▶ _What to produce_: Word for word, restate each of the records below.

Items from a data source
▬▬▬▬▬▬▬▬▬▬

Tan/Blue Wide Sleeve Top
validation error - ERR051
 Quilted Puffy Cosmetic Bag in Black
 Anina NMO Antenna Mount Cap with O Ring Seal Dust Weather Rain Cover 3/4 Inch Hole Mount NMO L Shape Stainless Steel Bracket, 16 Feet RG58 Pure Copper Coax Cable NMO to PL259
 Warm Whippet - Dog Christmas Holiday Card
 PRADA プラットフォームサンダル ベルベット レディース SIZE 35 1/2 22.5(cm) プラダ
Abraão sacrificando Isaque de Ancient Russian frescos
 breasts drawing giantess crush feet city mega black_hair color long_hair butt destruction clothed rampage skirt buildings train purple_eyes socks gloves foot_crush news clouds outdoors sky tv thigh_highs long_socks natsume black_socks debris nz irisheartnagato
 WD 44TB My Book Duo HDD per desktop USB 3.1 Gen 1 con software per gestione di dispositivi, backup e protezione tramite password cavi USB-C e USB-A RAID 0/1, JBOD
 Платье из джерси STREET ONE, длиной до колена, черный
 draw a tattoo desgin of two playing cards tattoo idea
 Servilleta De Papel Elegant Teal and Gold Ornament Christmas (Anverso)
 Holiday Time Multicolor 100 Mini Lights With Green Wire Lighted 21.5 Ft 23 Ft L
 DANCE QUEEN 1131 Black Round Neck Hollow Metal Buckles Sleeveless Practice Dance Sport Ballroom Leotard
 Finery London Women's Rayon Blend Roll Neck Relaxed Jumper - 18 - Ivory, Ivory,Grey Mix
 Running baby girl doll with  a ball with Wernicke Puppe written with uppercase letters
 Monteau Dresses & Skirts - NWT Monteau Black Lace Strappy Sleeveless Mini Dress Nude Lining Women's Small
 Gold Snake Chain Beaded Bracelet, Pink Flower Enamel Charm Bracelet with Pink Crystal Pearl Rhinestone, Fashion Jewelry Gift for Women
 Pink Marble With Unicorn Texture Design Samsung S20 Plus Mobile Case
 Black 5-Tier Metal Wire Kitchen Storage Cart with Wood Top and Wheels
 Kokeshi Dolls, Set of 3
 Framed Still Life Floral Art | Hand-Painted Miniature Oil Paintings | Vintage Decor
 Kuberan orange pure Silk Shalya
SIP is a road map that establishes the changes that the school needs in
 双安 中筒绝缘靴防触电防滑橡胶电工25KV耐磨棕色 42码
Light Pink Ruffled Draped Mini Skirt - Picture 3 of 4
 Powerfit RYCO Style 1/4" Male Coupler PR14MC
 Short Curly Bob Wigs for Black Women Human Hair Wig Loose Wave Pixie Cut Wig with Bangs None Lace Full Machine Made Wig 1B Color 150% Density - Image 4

▬▬▬▬▬▬▬▬▬▬

▶ _Answer to this task_:
Tan/Blue Wide Sleeve Top
validation error - ERR051
 Quilted Puffy Cosmetic Bag in Black
 Anina NMO Antenna Mount Cap with O Ring Seal Dust Weather Rain Cover 3/4 Inch Hole Mount NMO L Shape Stainless Steel Bracket, 16 Feet RG58 Pure Copper Coax Cable NMO to PL259
 Warm Whippet - Dog Christmas Holiday Card
 PRADA プラットフォームサンダル ベルベット レディース SIZE 35 1/2 22.5(cm) プラダ
Abraão sacrificando Isaque de Ancient Russian frescos
 breasts drawing giantess crush feet city mega black_hair color long_hair butt destruction clothed rampage skirt buildings train purple_eyes socks gloves foot_crush news clouds outdoors sky tv thigh_highs long_socks natsume black_socks debris nz irisheartnagato
 WD 44TB My Book Duo HDD per desktop USB 3.1 Gen 1 con software per gestione di dispositivi, backup e protezione tramite password cavi USB-C e USB-A RAID 0/1, JBOD
 Платье из джерси STREET ONE, длиной до колена, черный
 draw a tattoo desgin of two playing cards tattoo idea
 Servilleta De Papel Elegant Teal and Gold Ornament Christmas (Anverso)
 Holiday Time Multicolor 100 Mini Lights With Green Wire Lighted 21.5 Ft 23 Ft L
 DANCE QUEEN 1131 Black Round Neck Hollow Metal Buckles Sleeveless Practice Dance Sport Ballroom Leotard
 Finery London Women's Rayon Blend Roll Neck Relaxed Jumper - 18 - Ivory, Ivory,Grey Mix
 Running baby girl doll with  a ball with Wernicke Puppe written with uppercase letters
 Monteau Dresses & Skirts - NWT Monteau Black Lace Strappy Sleeveless Mini Dress Nude Lining Women's Small
 Gold Snake Chain Beaded Bracelet, Pink Flower Enamel Charm Bracelet with Pink Crystal Pearl Rhinestone, Fashion Jewelry Gift for Women
 Pink Marble With Unicorn Texture Design Samsung S20 Plus Mobile Case
 Black 5-Tier Metal Wire Kitchen Storage Cart with Wood Top and Wheels
 Kokeshi Dolls, Set of 3
 Framed Still Life Floral Art | Hand-Painted Miniature Oil Paintings | Vintage Decor
 Kuberan orange pure Silk Shalya
SIP is a road map that establishes the changes that the school needs in
 双安 中筒绝缘靴防触电防滑橡胶电工25KV耐磨棕色 42码
Light Pink Ruffled Draped Mini Skirt - Picture 3 of 4
 Powerfit RYCO Style 1/4" Male Coupler PR14MC
 Short Curly Bob Wigs for Black Women Human Hair Wig Loose Wave Pixie Cut Wig with Bangs None Lace Full Machine Made Wig 1B Color 150% Density - Image 4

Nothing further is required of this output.